Emit a verbatim copy of the lines below from the line with "Diving / caving" through the line with "Old Navy Luxe", excluding pictures and everything outside that range.

The records
BEGIN

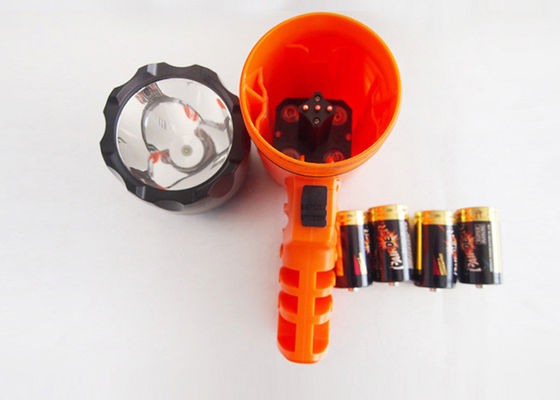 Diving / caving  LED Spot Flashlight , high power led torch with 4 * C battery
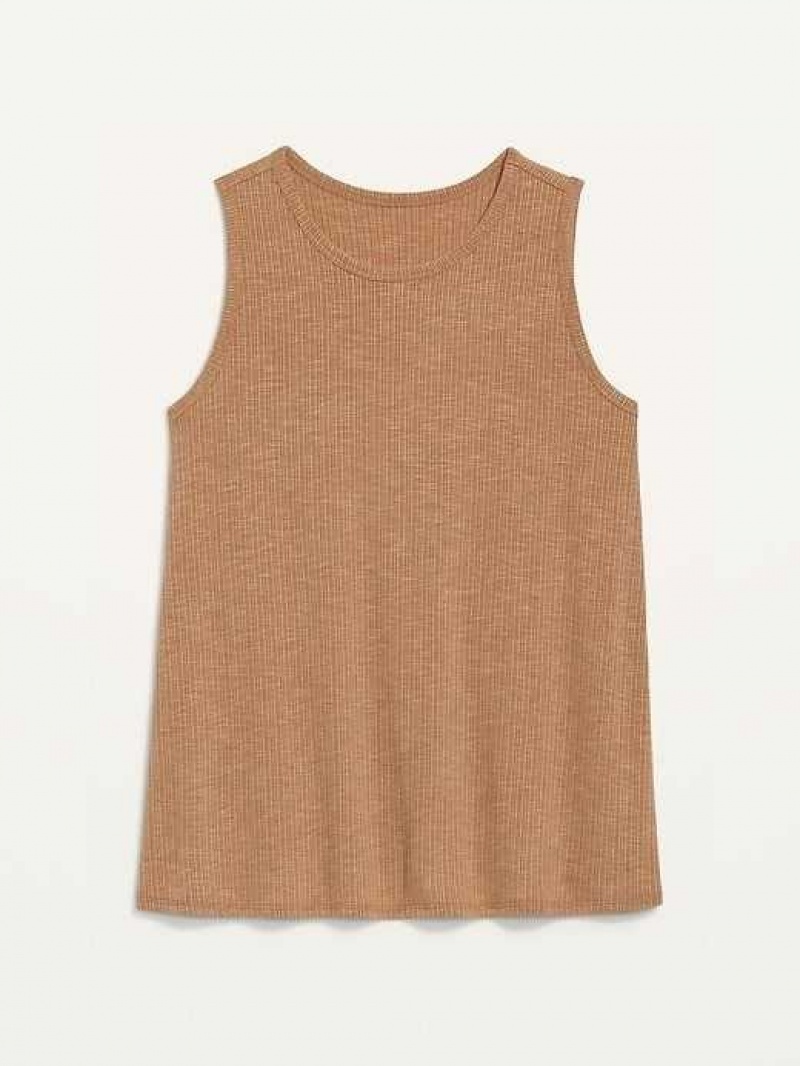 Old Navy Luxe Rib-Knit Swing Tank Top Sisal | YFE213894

END
BEGIN

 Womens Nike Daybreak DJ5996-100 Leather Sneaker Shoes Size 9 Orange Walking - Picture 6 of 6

END
BEGIN

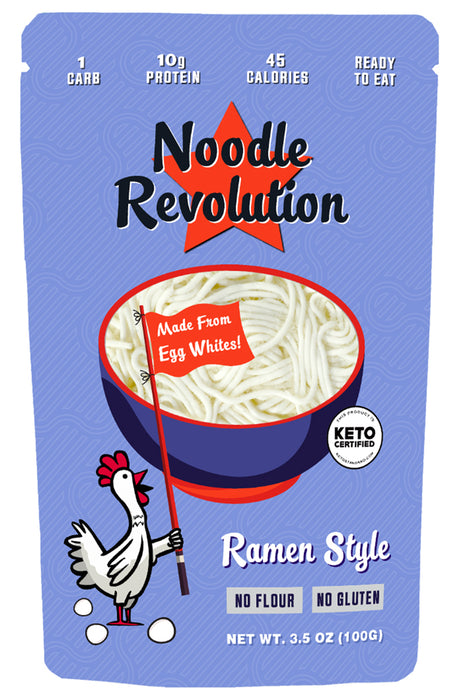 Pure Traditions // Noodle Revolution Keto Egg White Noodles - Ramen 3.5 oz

END

Solved exercise
 Diving / caving  LED Spot Flashlight , high power led torch with 4 * C battery
 Old Navy Luxe Rib-Knit Swing Tank Top Sisal | YFE213894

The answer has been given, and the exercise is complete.